FB2017_01, released February 14, 2017

A Database of Drosophila Genes & Genomes

TermLink and controlled vocabularies

You will have noticed the box near the top of the FlyBase Home Page called TermLink. What is this? Why should you care?

The information you retrieve from a FlyBase query - no matter how simple - is stored in a relational database. For data to be retrievable it must be 'structured', and a very important part of data structure is the language that FlyBase uses in its database.

Let us imagine that you, as a user, wanted all genes known to FlyBase to be expressed in the mouth parts of the larva. You may know these structures as the 'mouth parts', but others may, with equal validity, call them the 'cephalopharyngeal sclerites', or the 'cephalopharyngeal plates'. If FlyBase used each of these synonymous names with abandon then a simple query on 'mouth parts' would retrieve some, but by no means all of the relevant records. It makes your life much easier if FlyBase always uses the same term for these structures (we use cephalopharyngeal sclerites in this case). So, one aspect of the terms listed in TermLink is that they represent controlled vocabularies. The other names of the cephalopharyngeal sclerites are listed as synonyms.

But the cephalopharyngeal sclerites have other properties: they develop from the ventral ectoderm and they are part of the larval head. You might want to know what genes are expressed in the ventral ectoderm and its derivatives. On the other hand you might want to know the genes expressed in the larval head, in which case you would expect to retrieve those expressed in the cephalopharyngeal sclerites.

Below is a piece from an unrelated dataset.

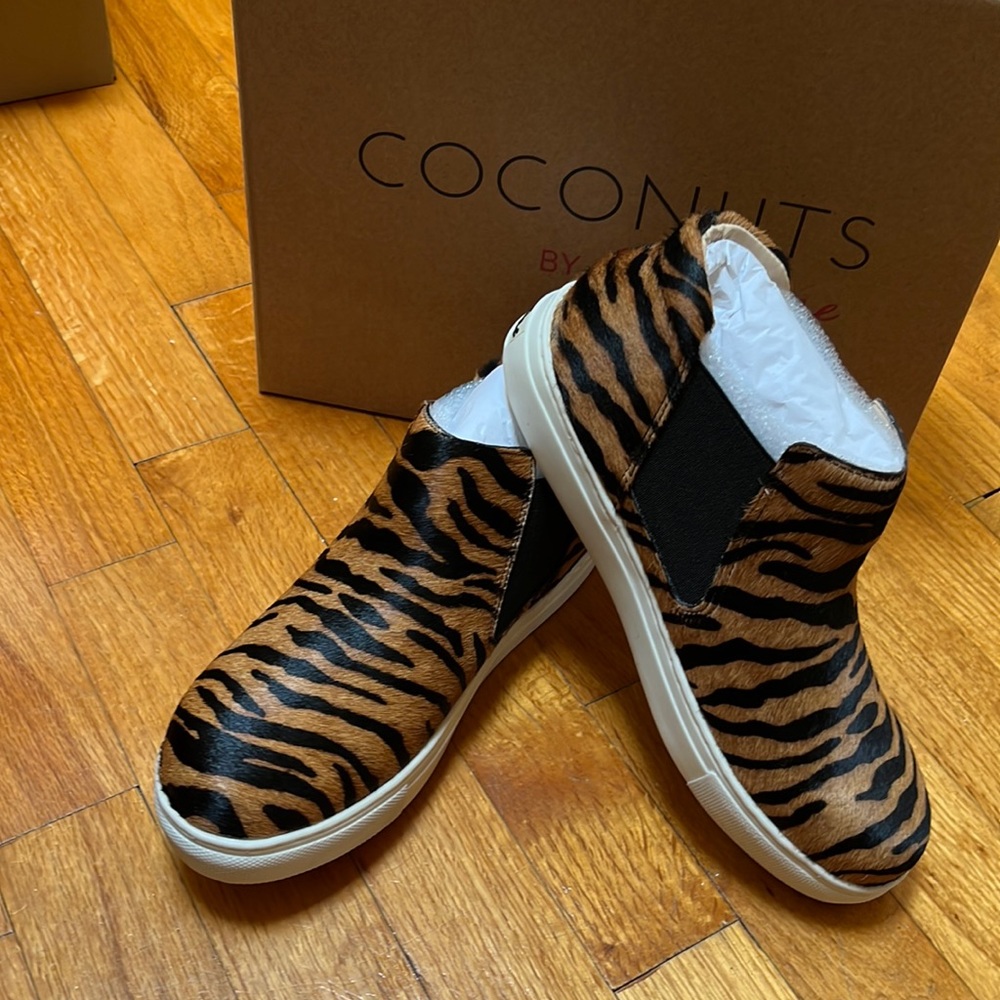 Harlan Slip-On Sneaker Size 7.5 - Coconuts by Matisse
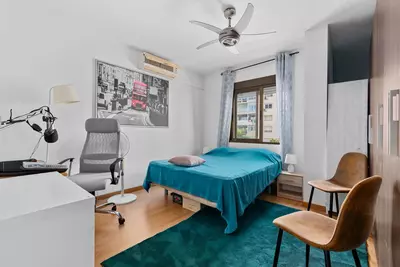 Middle Floor Apartment in Estepona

It is quite easy to allow these queries to be made if we organise the terms of the controlled vocabulary in a way that these relationships are made explicit: (the cephalopharyngeal sclerites develop from the ventral ectoderm, the cephalopharyngeal sclerites are part of the larval head).

This is what we do with the 'trees' you see in TermLink, for the anatomy of the fly, for its cellular components, and for its development. These trees look like classical hierarchies, in fact they are more complex because they also express relationships like 'develops from' or 'part of'.

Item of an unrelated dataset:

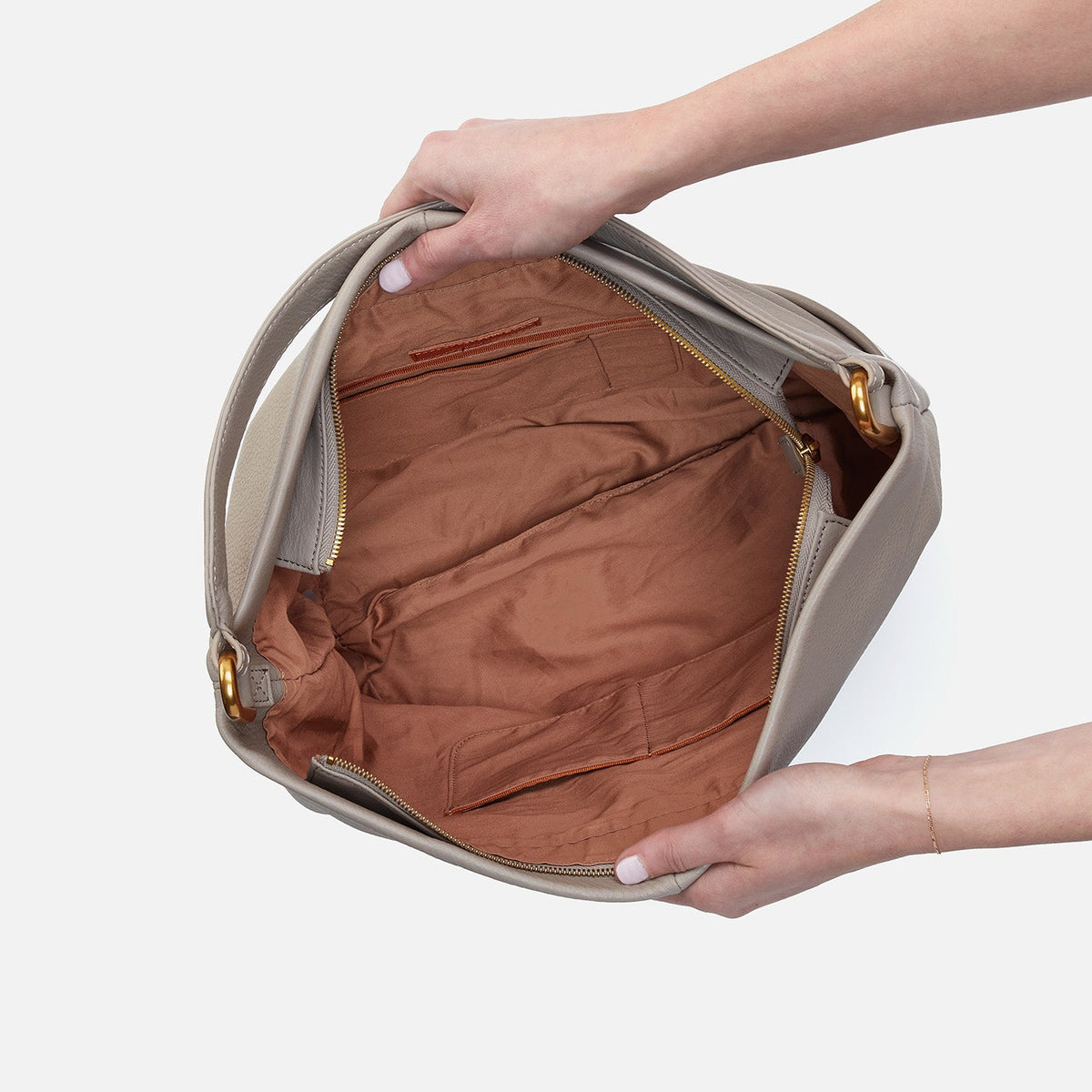 HOBO Top Pick - Harley Hobo In Pebbled Leather - Taupe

By always using these controlled vocabulary terms in FlyBase, and by doing some simple computation on the trees, FlyBase offers a simple and powerful way in which complex data about genes, their alleles, transcripts, proteins etc. can be retrieved by the user.

But it is better than this. For the properties of gene products FlyBase shares with all of the other Model Organism Databases a structured controlled vocabulary of terms, The Gene Ontology. Gene Ontology terms can be accessed through TermLink by searching for a term (try kinase). This allows you to find all genes that encode transcription factors, or genes whose products are involved in the organization of the synapse. Since all the other model organisms use the Gene Ontology, you can ask exactly the same question of the mouse, zebrafish or worm, though for this you need to go to a more specialized browser like AmiGO.